**Task to carry out**
Retype every line from the start of the data down to and including the line with "Helz Cuppleditch Wonderland Adhesive Toppers". Skip the pictures.

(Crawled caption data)
▶

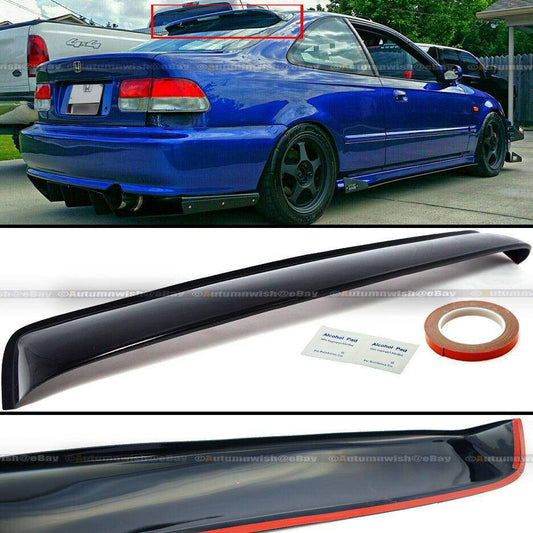 Honda Civic 96-00 2DR Coupe Rear Window Roof Sun Rain Shade Vent Visor Spoiler - Autumn Wish Auto Arts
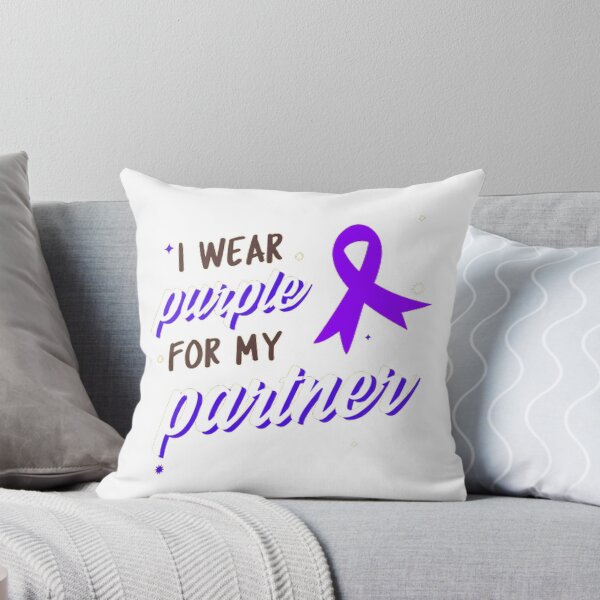 Item preview, Crohns and Colitis awareness purple ribbon - I wear purple for my partner designed and sold by Rodayna Elnaggar.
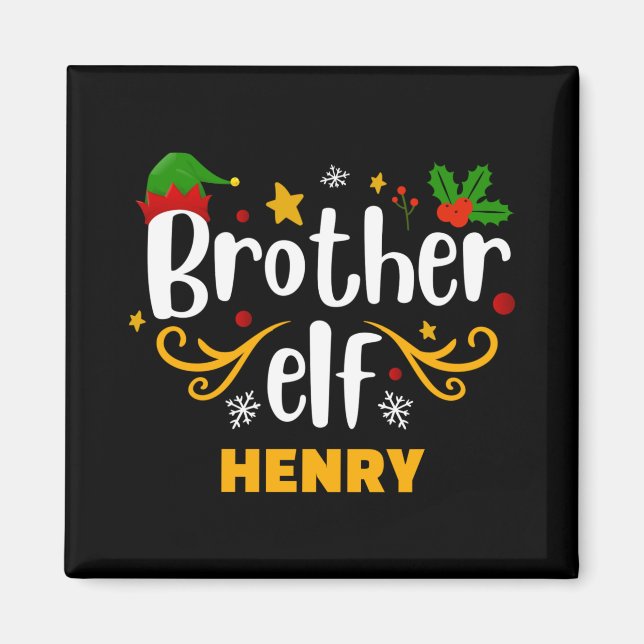 Tygraphy Brother Elf Fun Family Matching  Magnet (Vorne)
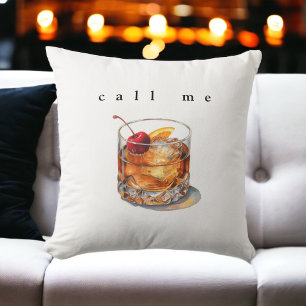 Call Me Old Fashioned Drink Cushion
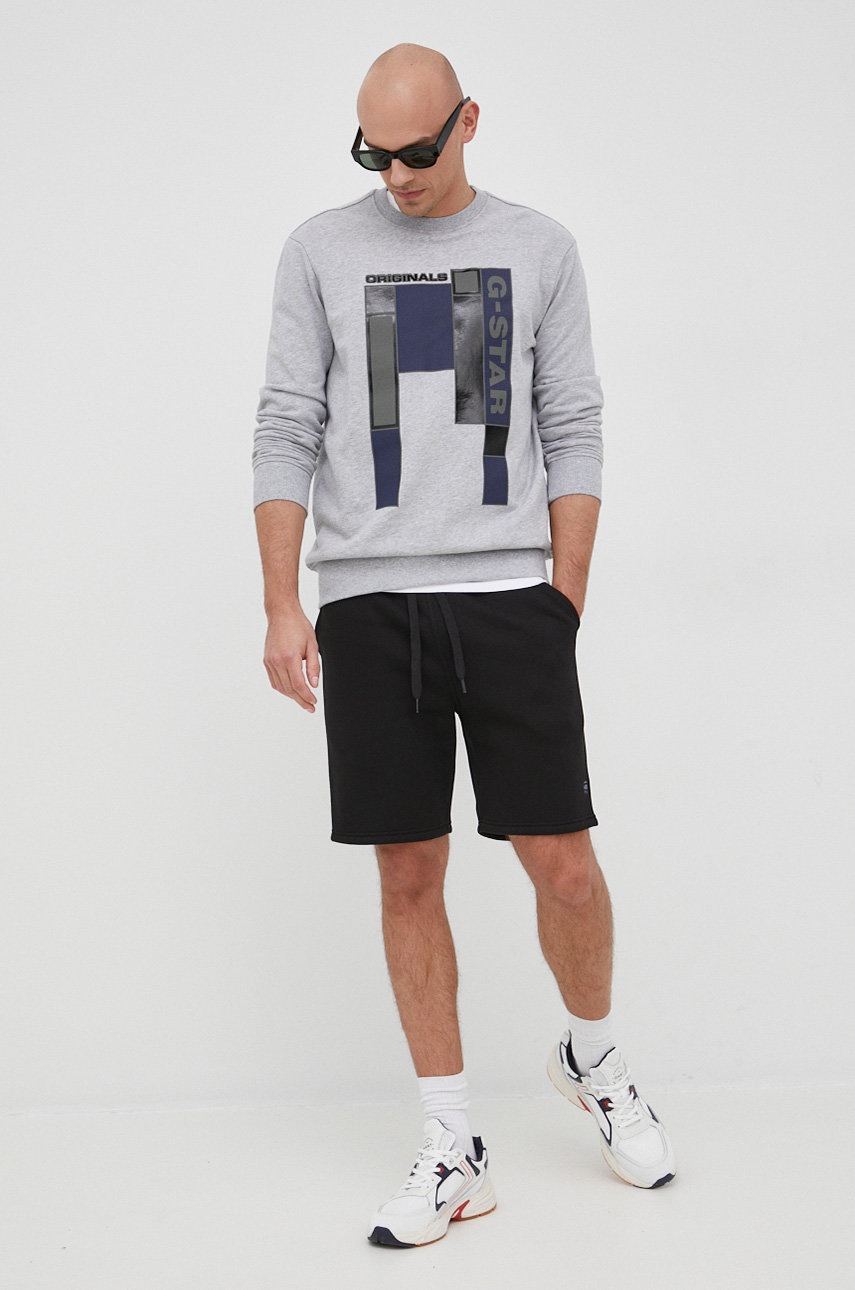 

Кофта G-Star Raw чоловіча колір сірий меланж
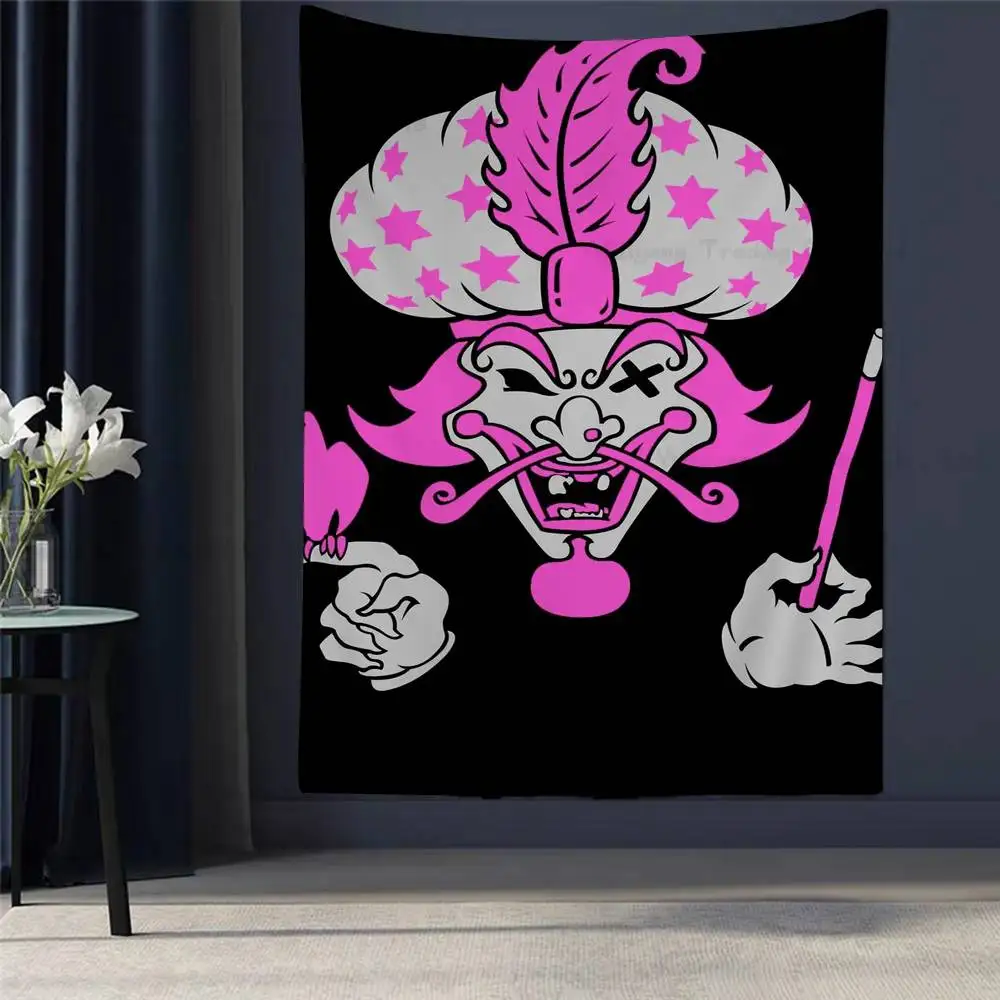 

Insane Clown Posse Band Printed Large Wall Tapestry Hanging Tarot Hippie Wall Rugs Dorm Home Decor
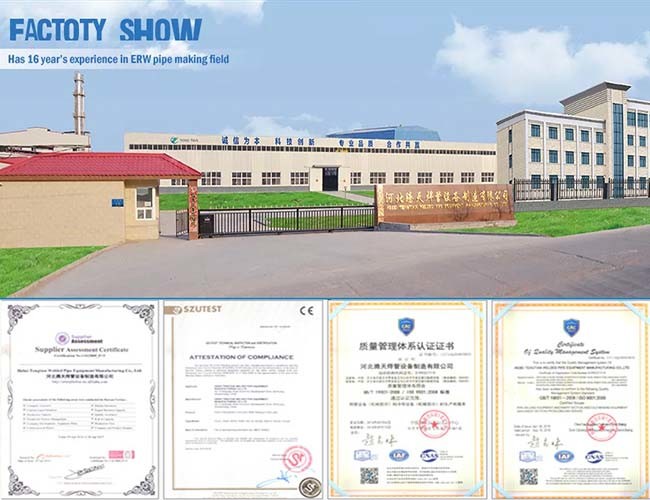 High Frequency Welded Pipe Mill 1mm Straight Seam Welded Steel Pipe Mill Automatic Pack And Bundle Up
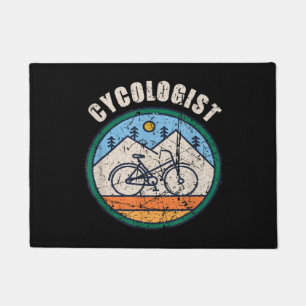 Cycologist Funny Bicycle Cycling Vintage Gift Doormat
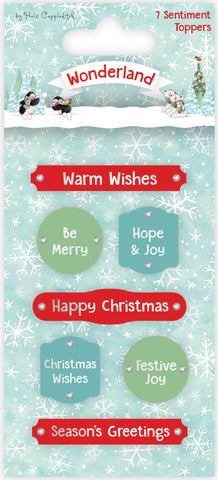 Helz Cuppleditch Wonderland Adhesive Toppers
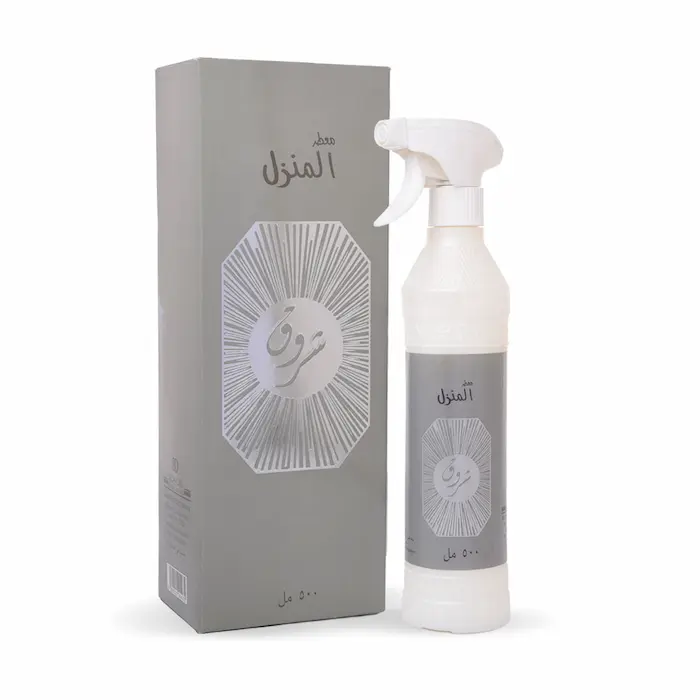 shrouq_house_freshener-معطر_شروق معطر منزل شروق فضي بانافع للعود | Shrouq Silver House Freshener Banafa for Oud - الصورة 2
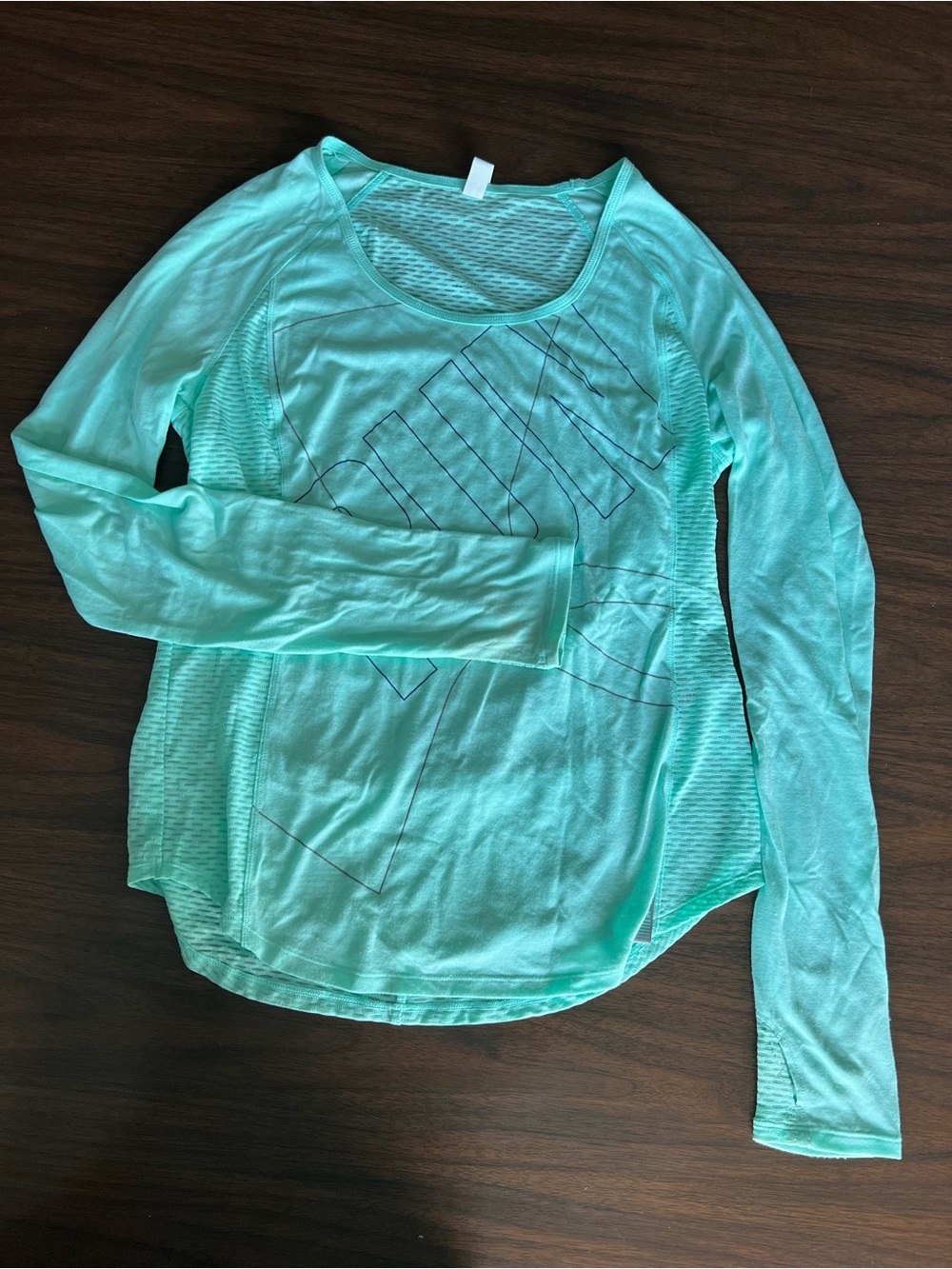 Under Armour Mint Green Long-Sleeve Athletic Top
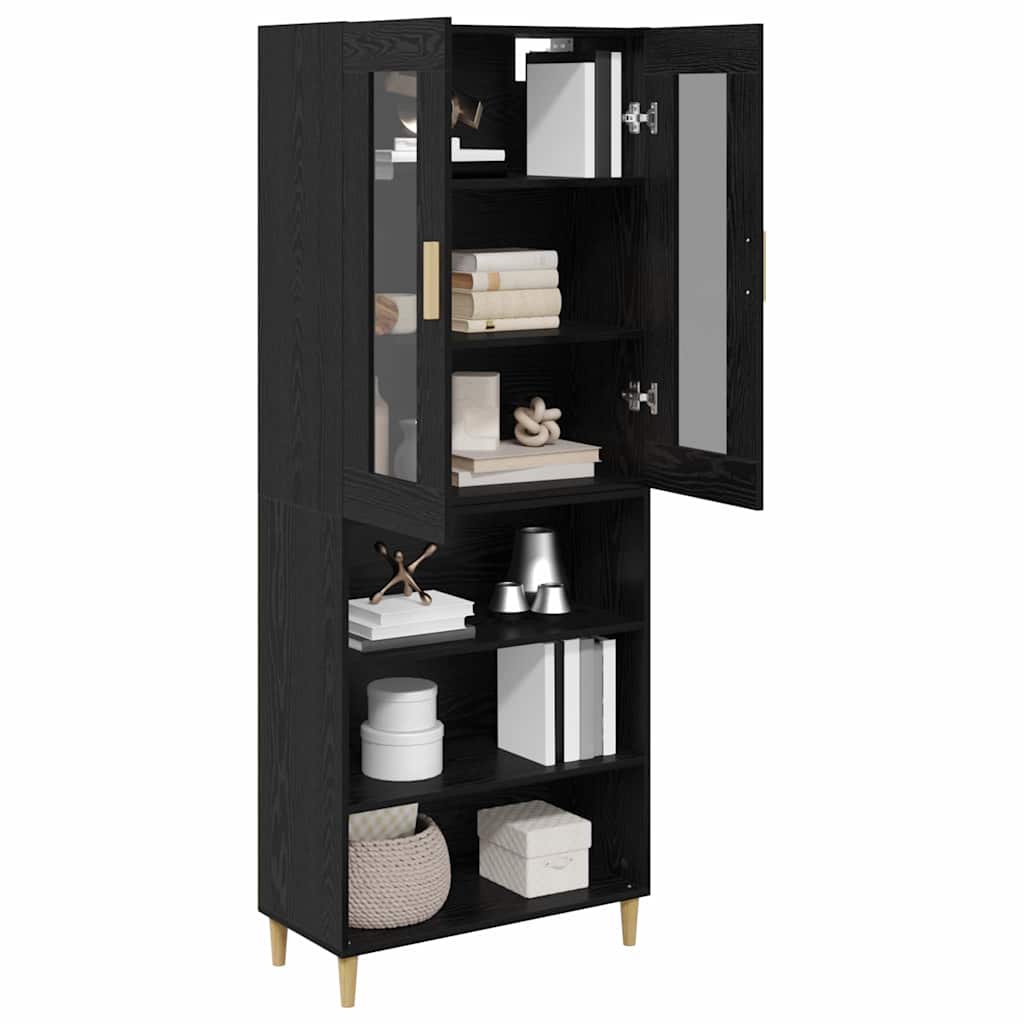 Highboard Black Oak 69.5 x 34 x 180 cm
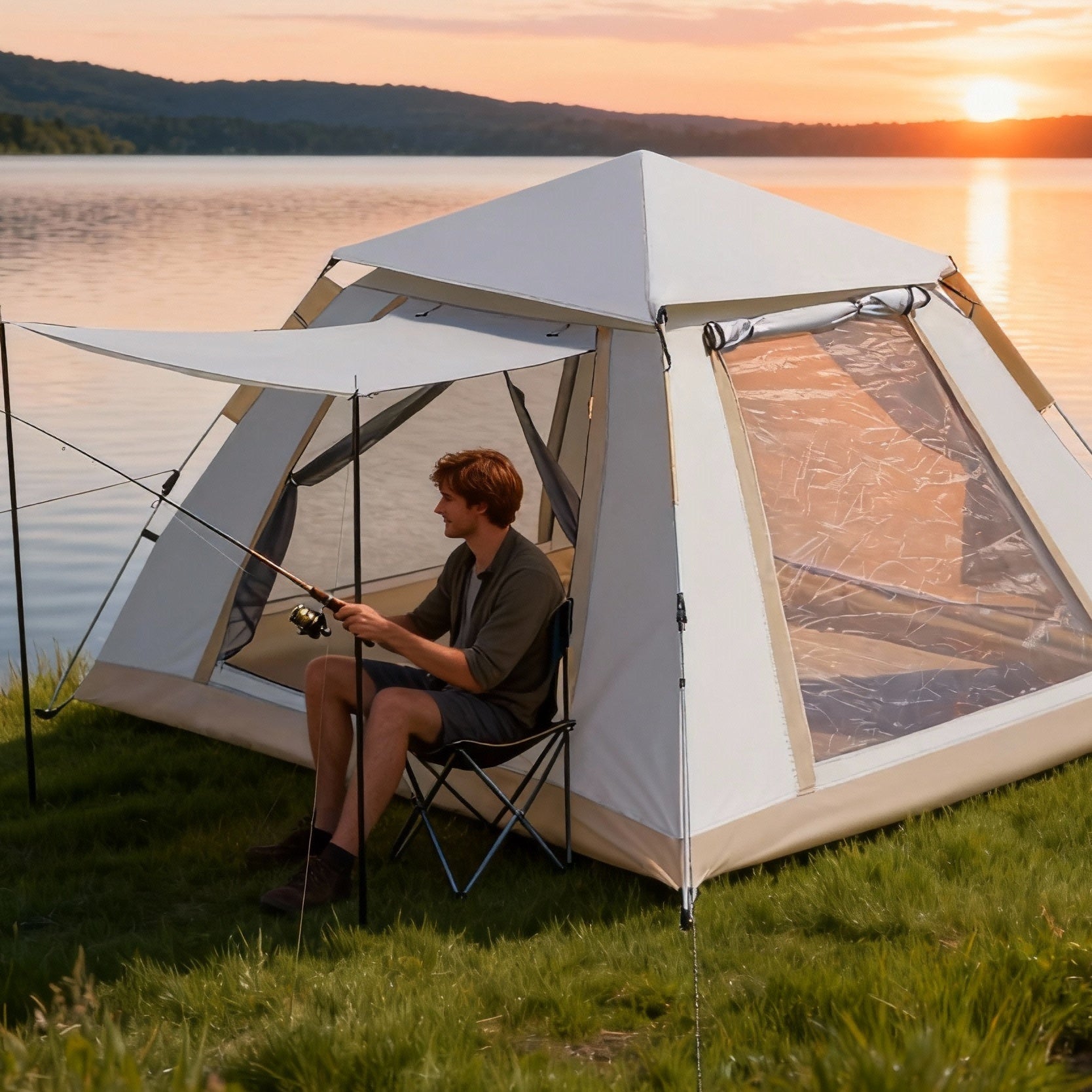 Instant Pop-Up Camping Tent (2–4 Person) Trendova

◀

**Exercise result**
 Honda Civic 96-00 2DR Coupe Rear Window Roof Sun Rain Shade Vent Visor Spoiler - Autumn Wish Auto Arts
 Item preview, Crohns and Colitis awareness purple ribbon - I wear purple for my partner designed and sold by Rodayna Elnaggar.
 Tygraphy Brother Elf Fun Family Matching  Magnet (Vorne)
 Call Me Old Fashioned Drink Cushion

Кофта G-Star Raw чоловіча колір сірий меланж

Insane Clown Posse Band Printed Large Wall Tapestry Hanging Tarot Hippie Wall Rugs Dorm Home Decor
 High Frequency Welded Pipe Mill 1mm Straight Seam Welded Steel Pipe Mill Automatic Pack And Bundle Up
 Cycologist Funny Bicycle Cycling Vintage Gift Doormat
 Helz Cuppleditch Wonderland Adhesive Toppers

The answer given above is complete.